Die Vorsitzende Richterin bezeichnete das Verhalten der Angeklagten als „eklatanten Vertrauensbruch“. Die Dolmetscherin habe sich wichtig machen wollen, da sie weder von ihrem Auftraggeber noch von der Polizei gebührend beachtet worden sei. Sie sei frustriert gewesen, da sie wochenlang täglich zehn bis zwölf Stunden habe arbeiten müssen. Zudem sei sie vom Inhaber des von der Polizei beauftragten Übersetzungsbüros gedemütigt worden. Dieser habe ständig an der von ihr gelieferten Übersetzungsqualität herumgenörgelt.

Die Staatsanwaltschaft hatte zusätzlich verlangt, ein Berufsverbot auszusprechen, also der Verurteilten zu untersagen, später jemals wieder als Übersetzerin oder Dolmetscherin zu arbeiten. Diesem Antrag kam das Gericht nicht nach, da sich die Frau ohnehin jede Chance verbaut habe, später noch einmal für die Polizei oder die Justiz zu arbeiten.

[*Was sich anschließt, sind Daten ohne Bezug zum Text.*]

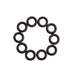 Pack 10-Jura Replacement Black O-Rings for Jura Artgraver Handpiece - Otto Frei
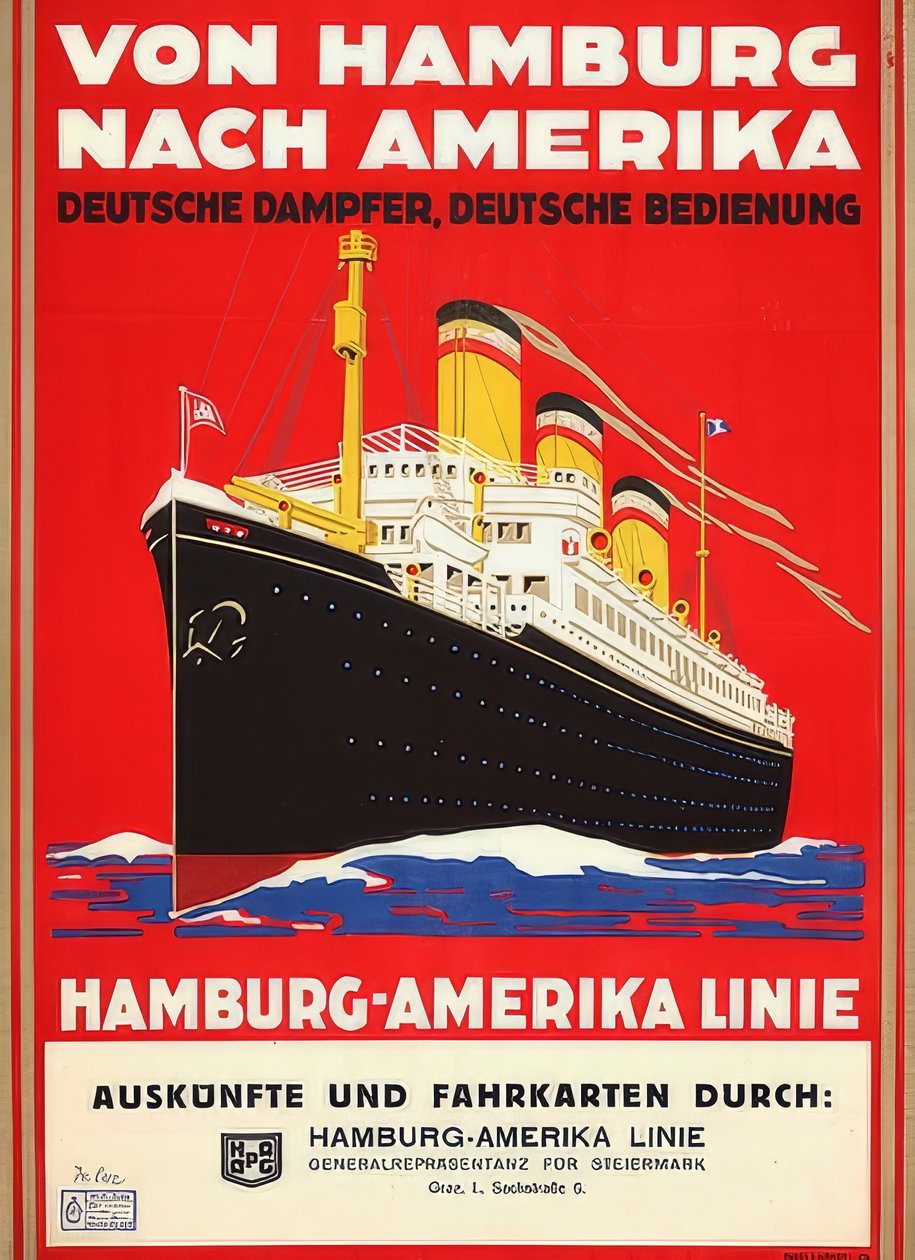 From Hamburg to America. Austria, Graz, 1938-1939 (J. Weiner, Vienna) by Unbekannt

Die Möglichkeit, in der Wirtschaft wieder als Sprachmittlerin Fuß zu fassen, wollte ihr das Gericht jedoch nicht nehmen.

Rückblickend bleibt das Verhalten der Dolmetscherin vollkommen unbegreiflich – am meisten wohl für sie selbst. Während der vier Verhandlungstage brach sie  mehrfach in Tränen aus. Sie hat von den Drogenhändlern keine Gegenleistung erhalten und auch nicht erwartet. Sie hatte weder Schulden noch war sie drogenabhängig. Im Grunde müsste sie eine Aversion gegen Drogenhändler haben, denn in ihrem Bekanntenkreis war jemand durch Heroin umgekommen.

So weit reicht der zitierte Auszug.